Note the last paragraph.  The RTL instructions themself respect this invariant
(there are no accesses via [sp], only via [bp] or derived values).  But the
cselib values don't.  I'd say value 5 (the one referring to sp and value 2)
is the broken one.  It should only refer to value 2.
Comment 3 Jorn Wolfgang Rennecke 2013-07-30 13:37:20 UTC
(In reply to Zdenek Sojka from comment #0)
> Created attachment 27640 [details]
> reduced testcase (from testsuite/gcc.c-torture/execute/loop-2e.c)
> 
> GCC 4.3-4.8 fails, while with GCC 4.2, the code is reduced just to return 0.
> I am not sure if this should be marked as a regression.
> 
> Compiler output:
> $ gcc -O2 -fno-omit-frame-pointer -fpeel-loops -fsched2-use-superblocks
> -fno-tree-loop-optimize -fno-web --param=max-completely-peel-times=256
> testcase.c
> $ ./a.out
> Aborted
> 
> Looking at the assembly:
> ...
> 	sub	rsp, 320	#,
> 	mov	rdx, QWORD PTR p[rip]	# p.0, p
> 	lea	rcx, [rbp-320]	# q,
> ...
> 	mov	QWORD PTR [rcx+240], rdi	# *q_19, tmp73
> 	lea	rax, [rdx+144]	# tmp73,
> 	lea	rsi, [rdx+148]	# tmp73,
> 	lea	rdi, [rdx+152]	# tmp73,
> 	lea	rdx, [rdx+156]	# tmp73,
> 	cmp	QWORD PTR [rbp-8], rdx	# q, tmp73
> 	mov	QWORD PTR [rcx+280], rax	# *q_19, tmp73
> 	mov	QWORD PTR [rcx+248], r8	# *q_19, tmp73
> 	mov	QWORD PTR [rcx+256], r9	# *q_19, tmp73
> 	mov	QWORD PTR [rcx+264], r10	# *q_19, tmp73
> 	mov	QWORD PTR [rcx+272], r11	# *q_19, tmp73
> 	mov	QWORD PTR [rcx+288], rsi	# *q_19, tmp73
> 	mov	QWORD PTR [rcx+296], rdi	# *q_19, tmp73
> 	mov	QWORD PTR [rcx+304], rdx	# *q_19, tmp73
> 	jne	.L46	#,
> ...
> It seems the dependency between storing to *q++ (esp. q[39]) in foo() and
> verifying it in main() is lost.
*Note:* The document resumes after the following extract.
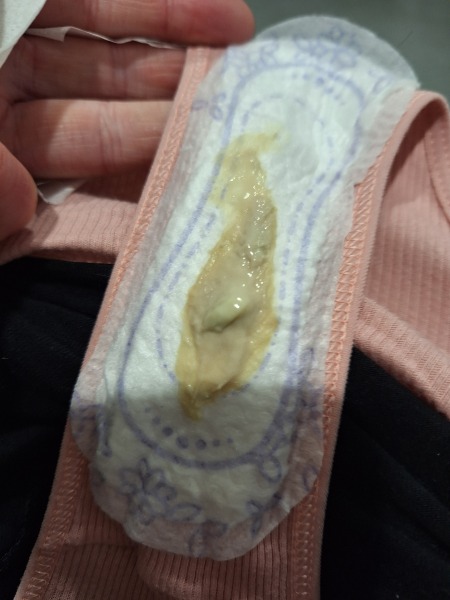 Mucus plug or not?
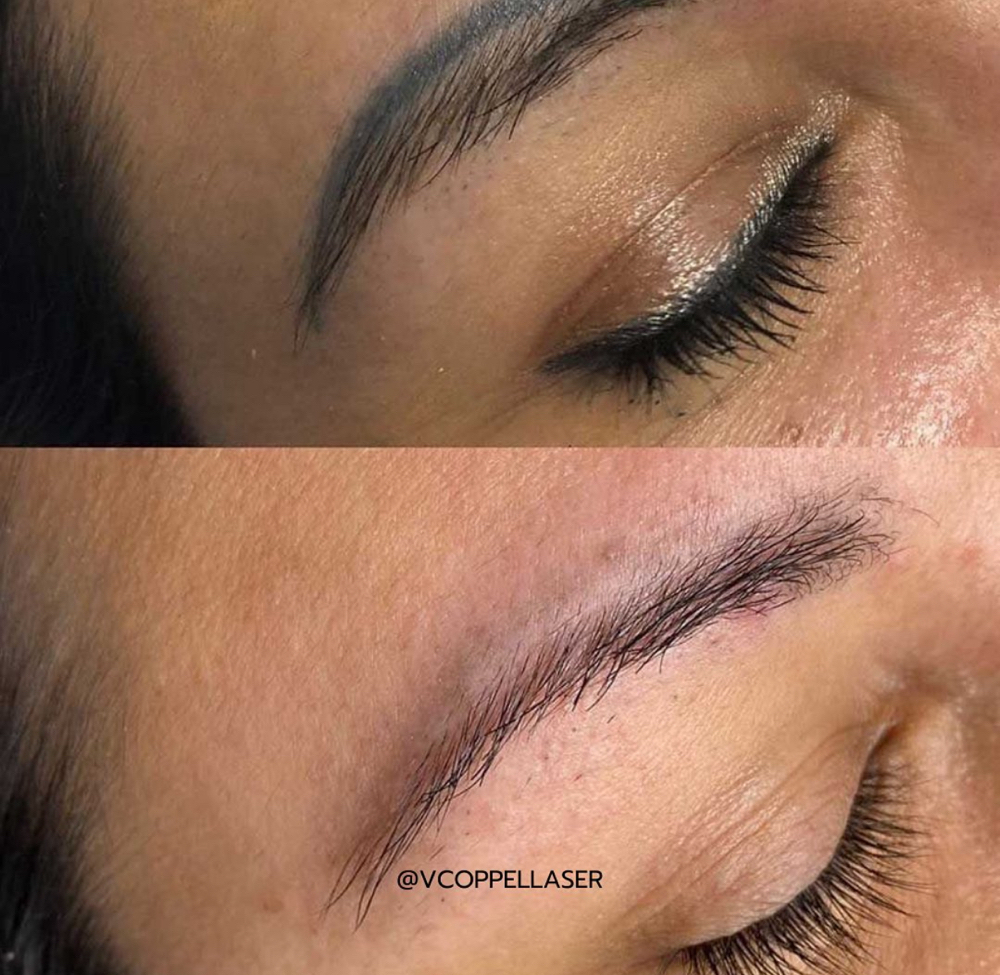 Microblading Removal P/session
Furthermore, it seems q[39] ([rcx+312]) is
> not stored to at all.

I can't reproduce the unrolling with an i686-pc-linux-gnu X x86_64-pc-linux-gnu
compiler, neither for 4.8.2 20130729 (prerelease) , nor for 4.9.0 20130729 (experimental) sources.

Is that an issuse with the cross-compiler, or with the compiler version?